▶ PROBLEM
Produce a copy of every line in the records that holds the string "Close".

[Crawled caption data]

§ §

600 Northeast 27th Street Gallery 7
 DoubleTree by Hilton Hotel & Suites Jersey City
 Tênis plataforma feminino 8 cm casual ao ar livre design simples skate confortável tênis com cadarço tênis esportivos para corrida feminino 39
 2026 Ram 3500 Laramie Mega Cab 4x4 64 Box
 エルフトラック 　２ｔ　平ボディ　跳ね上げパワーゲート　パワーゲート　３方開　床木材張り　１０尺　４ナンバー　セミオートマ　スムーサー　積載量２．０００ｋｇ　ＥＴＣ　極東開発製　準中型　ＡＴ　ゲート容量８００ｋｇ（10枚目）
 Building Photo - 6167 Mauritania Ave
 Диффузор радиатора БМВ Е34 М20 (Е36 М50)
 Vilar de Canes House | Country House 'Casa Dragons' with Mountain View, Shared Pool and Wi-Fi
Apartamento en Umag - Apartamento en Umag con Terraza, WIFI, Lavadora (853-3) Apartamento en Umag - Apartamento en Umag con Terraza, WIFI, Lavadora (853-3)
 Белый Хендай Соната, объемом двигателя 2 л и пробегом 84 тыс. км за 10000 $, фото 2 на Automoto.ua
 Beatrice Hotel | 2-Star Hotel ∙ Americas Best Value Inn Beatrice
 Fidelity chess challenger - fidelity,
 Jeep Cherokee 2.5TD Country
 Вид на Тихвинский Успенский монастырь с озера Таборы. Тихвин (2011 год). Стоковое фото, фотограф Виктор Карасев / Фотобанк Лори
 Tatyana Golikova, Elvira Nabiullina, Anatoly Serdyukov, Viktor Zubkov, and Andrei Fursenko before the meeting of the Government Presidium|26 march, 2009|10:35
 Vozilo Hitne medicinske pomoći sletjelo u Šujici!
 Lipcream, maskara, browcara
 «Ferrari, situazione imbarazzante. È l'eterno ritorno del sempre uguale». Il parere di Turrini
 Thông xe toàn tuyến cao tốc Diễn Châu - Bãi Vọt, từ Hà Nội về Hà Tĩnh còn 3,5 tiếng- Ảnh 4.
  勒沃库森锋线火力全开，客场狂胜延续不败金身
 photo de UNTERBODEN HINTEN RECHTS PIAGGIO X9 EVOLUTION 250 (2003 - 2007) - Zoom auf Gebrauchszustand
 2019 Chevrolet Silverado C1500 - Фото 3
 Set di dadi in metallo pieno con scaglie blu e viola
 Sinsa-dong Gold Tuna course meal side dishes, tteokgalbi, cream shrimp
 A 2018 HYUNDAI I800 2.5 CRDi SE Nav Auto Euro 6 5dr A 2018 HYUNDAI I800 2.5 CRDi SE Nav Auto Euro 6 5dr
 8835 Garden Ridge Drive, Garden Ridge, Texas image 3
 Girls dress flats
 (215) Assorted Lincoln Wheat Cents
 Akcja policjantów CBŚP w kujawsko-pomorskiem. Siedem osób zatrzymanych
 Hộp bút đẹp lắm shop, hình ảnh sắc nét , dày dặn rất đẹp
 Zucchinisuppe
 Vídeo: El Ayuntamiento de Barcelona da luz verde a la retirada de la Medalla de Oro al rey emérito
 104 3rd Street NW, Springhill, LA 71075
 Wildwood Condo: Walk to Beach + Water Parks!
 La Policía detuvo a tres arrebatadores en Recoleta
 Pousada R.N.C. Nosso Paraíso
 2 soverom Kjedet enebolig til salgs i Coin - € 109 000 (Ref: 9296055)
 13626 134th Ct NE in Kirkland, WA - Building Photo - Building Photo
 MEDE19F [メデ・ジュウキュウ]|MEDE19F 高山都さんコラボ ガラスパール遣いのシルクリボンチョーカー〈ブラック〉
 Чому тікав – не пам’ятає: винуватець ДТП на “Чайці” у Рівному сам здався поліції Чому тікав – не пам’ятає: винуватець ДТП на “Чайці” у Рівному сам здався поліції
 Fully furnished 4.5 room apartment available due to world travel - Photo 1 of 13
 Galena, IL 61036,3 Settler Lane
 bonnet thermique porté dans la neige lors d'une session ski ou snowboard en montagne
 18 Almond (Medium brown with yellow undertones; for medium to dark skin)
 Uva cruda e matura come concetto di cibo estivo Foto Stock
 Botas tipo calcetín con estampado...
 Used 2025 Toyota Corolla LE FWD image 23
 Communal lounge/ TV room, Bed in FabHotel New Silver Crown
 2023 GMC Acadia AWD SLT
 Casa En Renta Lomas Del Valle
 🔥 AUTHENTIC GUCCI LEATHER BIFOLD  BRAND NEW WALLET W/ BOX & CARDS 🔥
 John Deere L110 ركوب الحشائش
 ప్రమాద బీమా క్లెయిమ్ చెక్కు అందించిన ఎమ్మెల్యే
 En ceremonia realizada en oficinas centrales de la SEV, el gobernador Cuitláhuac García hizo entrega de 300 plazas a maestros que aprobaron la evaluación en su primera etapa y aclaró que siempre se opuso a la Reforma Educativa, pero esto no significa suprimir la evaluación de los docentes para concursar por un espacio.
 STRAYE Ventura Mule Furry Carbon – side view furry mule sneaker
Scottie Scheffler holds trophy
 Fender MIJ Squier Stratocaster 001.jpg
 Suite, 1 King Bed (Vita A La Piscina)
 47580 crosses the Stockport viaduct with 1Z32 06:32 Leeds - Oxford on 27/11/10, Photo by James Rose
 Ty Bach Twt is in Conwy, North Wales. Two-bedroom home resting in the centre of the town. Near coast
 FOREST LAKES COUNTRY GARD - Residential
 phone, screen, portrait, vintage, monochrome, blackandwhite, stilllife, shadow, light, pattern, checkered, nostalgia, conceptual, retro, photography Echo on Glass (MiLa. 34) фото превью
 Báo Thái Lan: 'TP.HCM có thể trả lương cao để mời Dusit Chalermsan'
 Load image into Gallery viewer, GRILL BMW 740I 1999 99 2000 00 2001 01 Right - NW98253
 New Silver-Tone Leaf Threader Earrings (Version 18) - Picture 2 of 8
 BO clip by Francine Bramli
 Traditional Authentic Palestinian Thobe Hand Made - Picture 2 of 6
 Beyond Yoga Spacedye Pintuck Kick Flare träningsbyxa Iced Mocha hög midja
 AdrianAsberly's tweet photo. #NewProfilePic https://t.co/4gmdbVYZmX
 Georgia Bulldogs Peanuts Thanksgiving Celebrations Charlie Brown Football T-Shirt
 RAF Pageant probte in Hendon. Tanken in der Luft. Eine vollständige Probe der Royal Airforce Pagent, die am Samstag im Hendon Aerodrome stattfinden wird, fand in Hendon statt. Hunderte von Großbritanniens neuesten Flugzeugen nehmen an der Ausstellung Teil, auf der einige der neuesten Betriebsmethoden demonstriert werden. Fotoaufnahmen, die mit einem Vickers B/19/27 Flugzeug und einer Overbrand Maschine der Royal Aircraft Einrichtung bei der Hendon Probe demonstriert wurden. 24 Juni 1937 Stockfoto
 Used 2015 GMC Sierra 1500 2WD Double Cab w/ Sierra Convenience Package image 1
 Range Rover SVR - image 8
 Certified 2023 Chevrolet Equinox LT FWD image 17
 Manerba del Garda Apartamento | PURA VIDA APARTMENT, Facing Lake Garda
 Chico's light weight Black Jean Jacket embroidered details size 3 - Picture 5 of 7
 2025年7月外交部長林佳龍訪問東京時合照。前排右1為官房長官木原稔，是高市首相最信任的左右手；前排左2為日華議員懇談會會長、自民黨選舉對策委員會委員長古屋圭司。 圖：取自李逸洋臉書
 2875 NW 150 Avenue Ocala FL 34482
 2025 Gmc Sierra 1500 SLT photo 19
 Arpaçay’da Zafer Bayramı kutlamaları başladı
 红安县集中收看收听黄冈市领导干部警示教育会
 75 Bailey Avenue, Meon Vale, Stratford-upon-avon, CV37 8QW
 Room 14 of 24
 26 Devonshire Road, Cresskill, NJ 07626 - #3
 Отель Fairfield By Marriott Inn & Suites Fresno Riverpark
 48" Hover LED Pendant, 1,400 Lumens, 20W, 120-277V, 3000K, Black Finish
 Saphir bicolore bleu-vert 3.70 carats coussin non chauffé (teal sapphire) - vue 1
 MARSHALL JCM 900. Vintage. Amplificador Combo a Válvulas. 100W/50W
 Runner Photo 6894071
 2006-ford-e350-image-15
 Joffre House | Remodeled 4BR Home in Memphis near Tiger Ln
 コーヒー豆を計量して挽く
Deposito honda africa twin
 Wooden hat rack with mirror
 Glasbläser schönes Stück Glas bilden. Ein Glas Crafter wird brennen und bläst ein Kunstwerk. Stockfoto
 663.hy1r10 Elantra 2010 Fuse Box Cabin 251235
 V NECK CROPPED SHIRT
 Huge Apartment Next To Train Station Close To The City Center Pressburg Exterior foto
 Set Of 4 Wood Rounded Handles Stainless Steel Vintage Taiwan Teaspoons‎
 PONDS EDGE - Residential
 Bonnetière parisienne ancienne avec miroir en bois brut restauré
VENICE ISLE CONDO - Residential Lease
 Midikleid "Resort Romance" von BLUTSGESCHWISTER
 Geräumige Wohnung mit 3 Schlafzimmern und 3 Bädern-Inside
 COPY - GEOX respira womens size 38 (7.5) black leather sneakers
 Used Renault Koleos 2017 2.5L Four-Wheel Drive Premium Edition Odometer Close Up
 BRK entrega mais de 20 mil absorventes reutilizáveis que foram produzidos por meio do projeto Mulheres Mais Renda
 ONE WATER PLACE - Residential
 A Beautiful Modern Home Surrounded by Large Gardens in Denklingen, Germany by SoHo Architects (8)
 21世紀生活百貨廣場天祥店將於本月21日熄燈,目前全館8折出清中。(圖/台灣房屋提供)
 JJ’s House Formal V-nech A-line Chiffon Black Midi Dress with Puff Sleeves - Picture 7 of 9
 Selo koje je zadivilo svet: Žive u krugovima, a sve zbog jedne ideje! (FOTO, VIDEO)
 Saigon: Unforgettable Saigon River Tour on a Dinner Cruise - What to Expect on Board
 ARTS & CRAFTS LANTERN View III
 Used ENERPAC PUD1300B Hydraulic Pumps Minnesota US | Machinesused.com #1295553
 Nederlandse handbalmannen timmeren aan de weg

§ §

▶ ANSWER TO THIS PROBLEM
 Huge Apartment Next To Train Station Close To The City Center Pressburg Exterior foto
 Used Renault Koleos 2017 2.5L Four-Wheel Drive Premium Edition Odometer Close Up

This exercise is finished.